As a reminder amp-skimlinks does two main things:

  • Automatically transform a standard link to a merchant into an affiliate link. Skimlinks tries to be as less intrusive as possible by only replacing the links that can be affiliated.
  • Track information about the page then used in Skimlinks reporting platform.

In order to do so amp-skimlinks is divided into four main modules:

  • AmpSkimlinks: The custom component.
  • Tracking: Sends all the tracking requests through the amp-analytics API.
  • AffiliateLinkResolver: Communicates with the new "link rewriter service" to resolve through the Skimlinks domain resolver API, which links on the page should be swapped.
  • Waypoint: Builds the final Skimlinks affiliate URLs namely, the replacement URLs.

New "Link Rewriter Service"

In order to make the code from amp-skimlinks as generic as possible, we have created a new "link rewriter service" on top of which we have built amp-skimlinks.
The link rewriter service allows extensions to rewrite the href of anchors on the page at click time. The service also fixes the issue of conflicts between extensions trying to rewrite a URL at the same time by a system of priorities defined by the publisher.
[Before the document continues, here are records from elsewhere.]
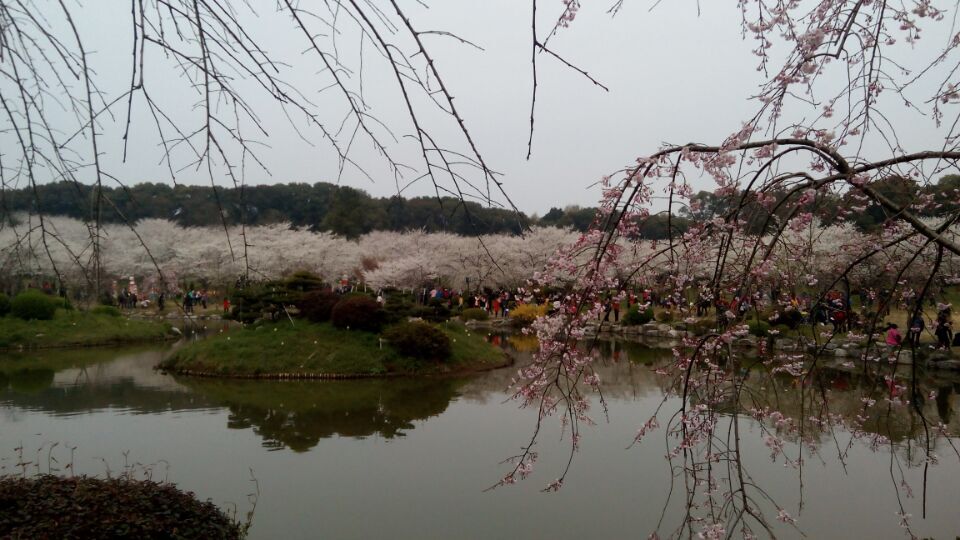 qqͼƬ20160314192136.jpg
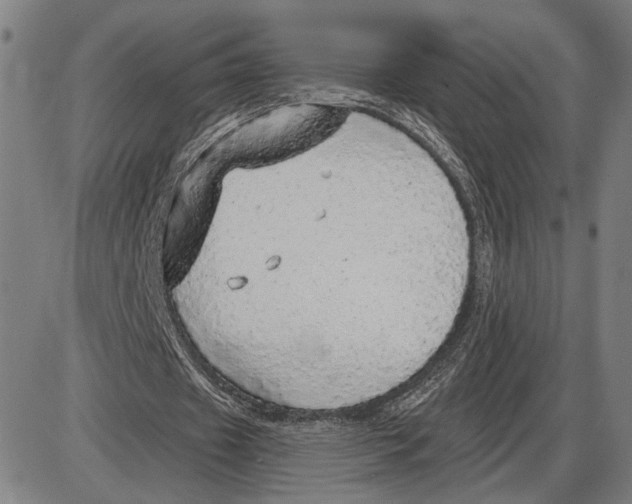 X0000085000433200703261133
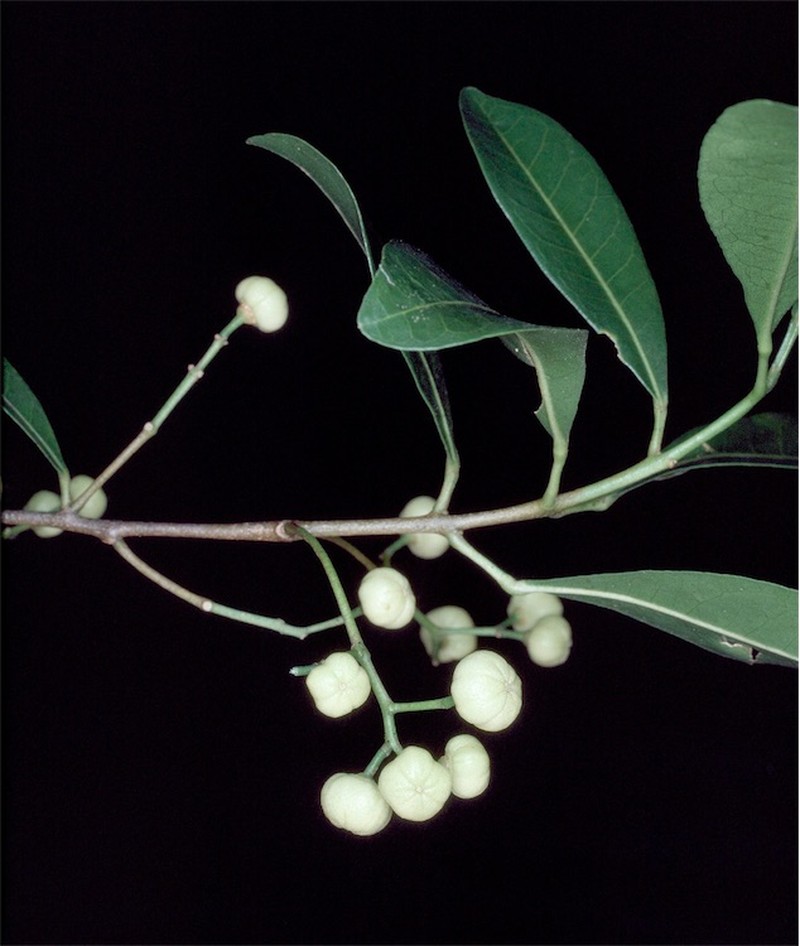 Acronychia oblongifolia photo 6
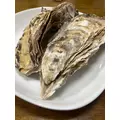 花音|彦根市 平田町のラウンジ|L'Atelier(アトリエ)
EDIT: The service now lives inside amp-skimlinks but was build with the idea of being common to all extensions.

Initial solution:

The service is composed of two main parts interacting with each others:

LinkRewriter

A LinkRewriter instance allows you to specify in an asynchronous or synchronous way, which anchors should be replaced and by which replacement URLs.

LinkRewriterManager

As an AMP page can have multiple LinkRewriter instances running at the same time, we introduced LinkRewriterManager which is managing all the registered LinkRewriter.
Example:
A publisher wants to use Skimlinks to replace some specific links on the page but wants to use another affiliate service to replace all the other links.

A globalLinkRewriterManager instance is installed when the main amp.js script starts

Typical flow is:

1 - One or multiple LinkRewriter are registered through the LinkRewriterManager, each with:

  • A unique Id
  • A 'resolveUnknownLinks' function.
  • An optional CSS selector to restrict the links the LinkRewriter should handle.

2 - Each LinkRewriter scans the page to find all the anchors (based on the linkSelector option if provided).

3 - LinkRewriter ask through the provided 'resolveUnknownLinks' function what is the replacement for each anchor found on the page and store the results in a cache (LinkReplacementCache).

(4) - LinkRewriterManager detects a DOM_CHANGED event and ask all the registered LinkRewriter to re-scan the page (go back to 2)

5 - LinkRewriterManager detects a click on an anchor, iterates through the list of registered LinkRewriters by order of priority, asking one by one if they want to replace the link. If one LinkRewriter wants to replace the link, the iteration stops and LinkRewriter with a lower priority are ignored.

6 - A "click" event is propagated through an event system to all the registered LinkRewriter so all the LinkRewriters can at least track the click regardless of if they have mutated the anchor.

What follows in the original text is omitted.